Task to carry out: Copy each line below as it stands, but skip any picture it contains.

Segment Start: Source data

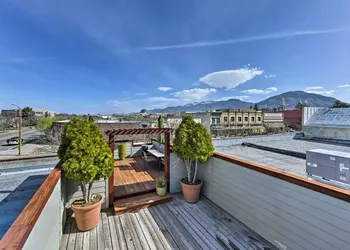 The Loft on Center hotel thumbnail 4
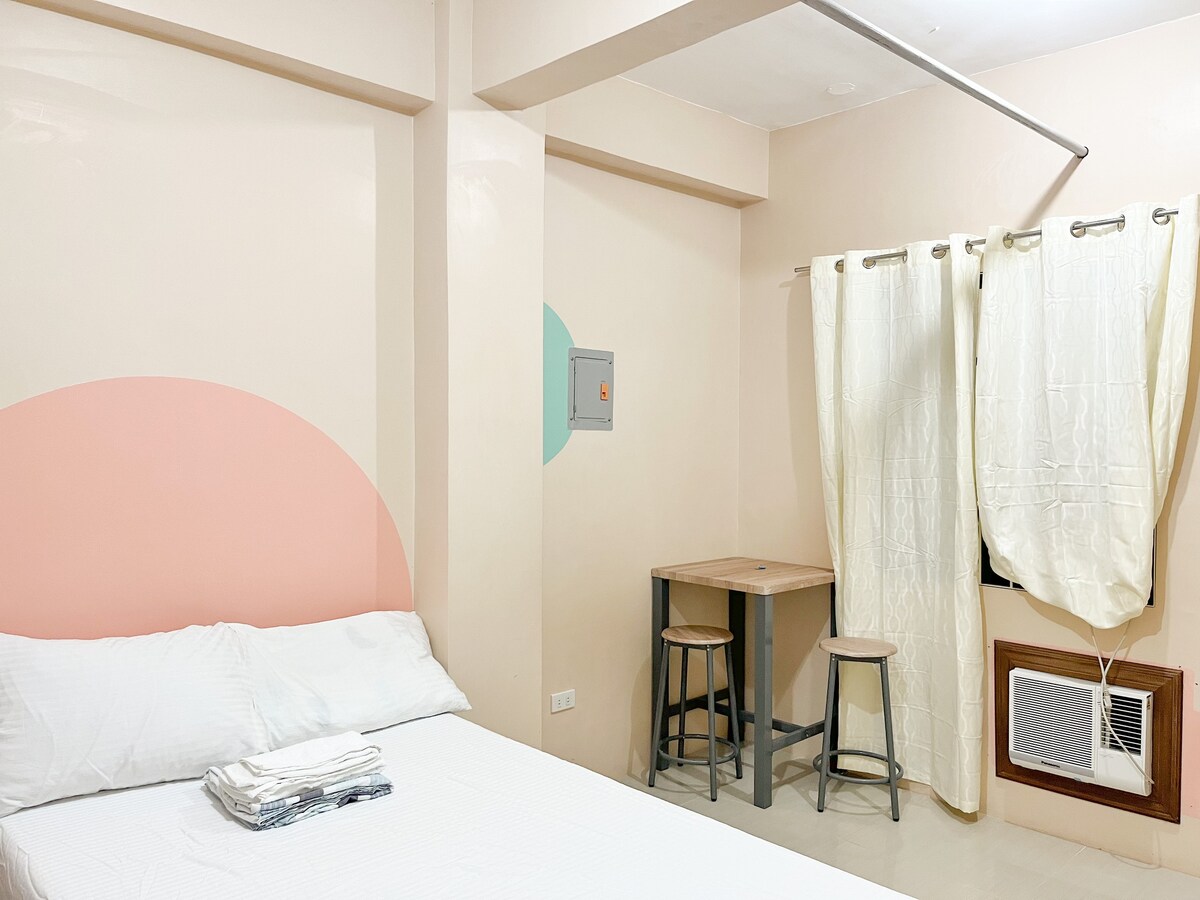 Iloilo Transient Rooms | Budget Room for 1-2 pax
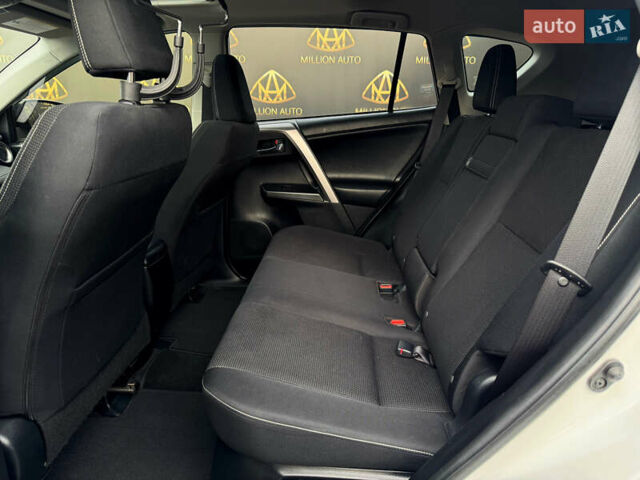 Белый Тойота РАВ 4, объемом двигателя 2.49 л и пробегом 114 тыс. км за 21999 $, фото 13 на Automoto.ua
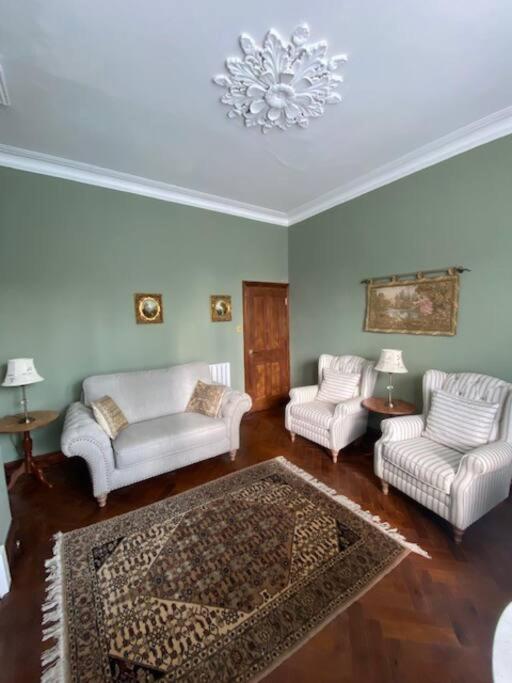 2 Double Bedroom Charming Chelsea Apartment Londra Esterno foto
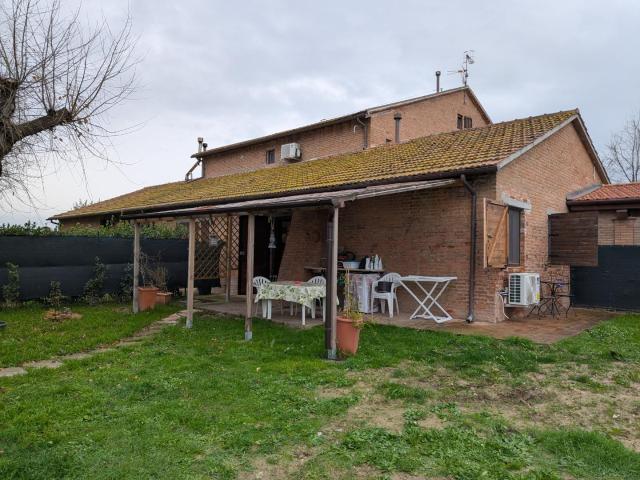 Trilocale con giardino, Grosseto principina terra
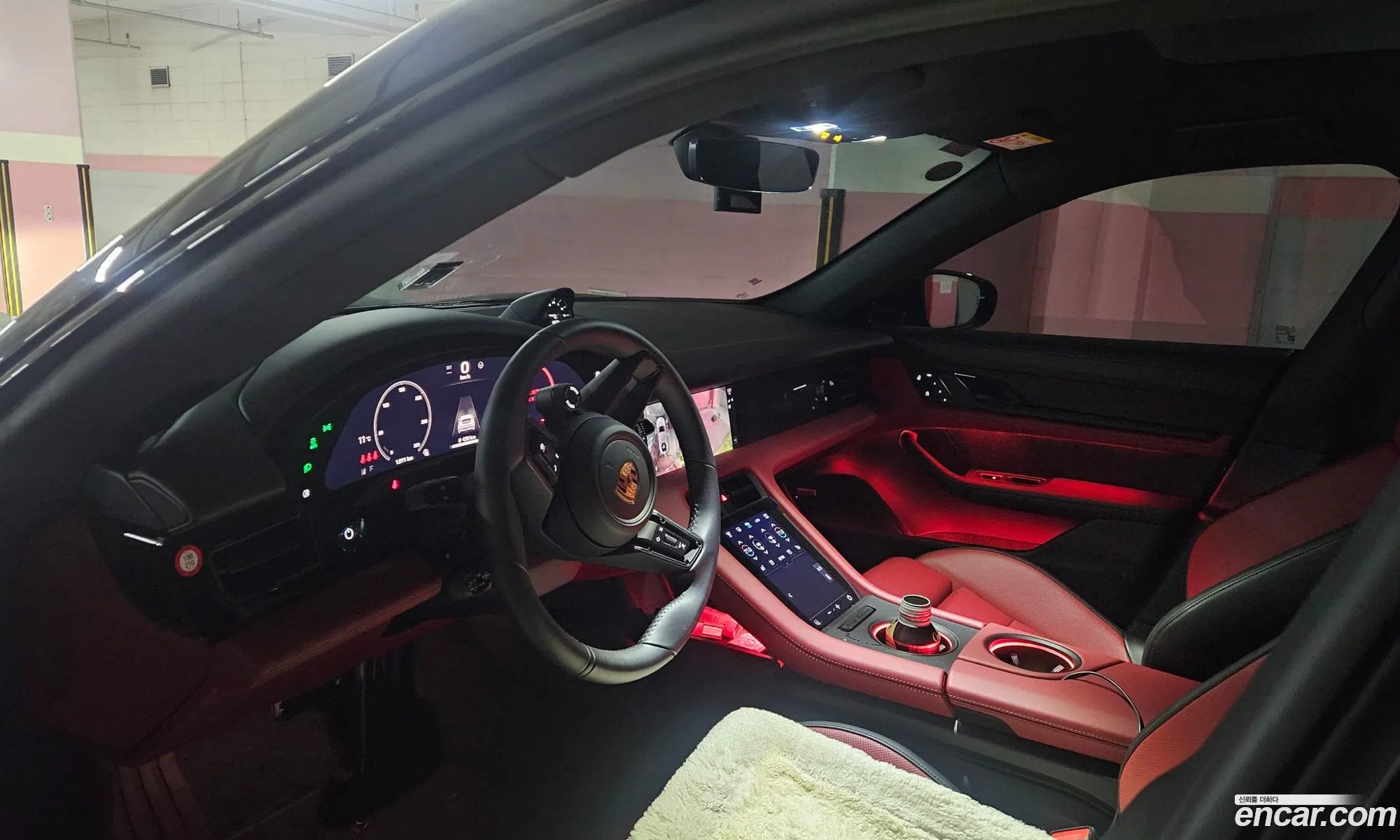 Porsche Taycan 2025 — 6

Segment End: Source data

Solved exercise:
 The Loft on Center hotel thumbnail 4
 Iloilo Transient Rooms | Budget Room for 1-2 pax
 Белый Тойота РАВ 4, объемом двигателя 2.49 л и пробегом 114 тыс. км за 21999 $, фото 13 на Automoto.ua
 2 Double Bedroom Charming Chelsea Apartment Londra Esterno foto
 Trilocale con giardino, Grosseto principina terra
 Porsche Taycan 2025 — 6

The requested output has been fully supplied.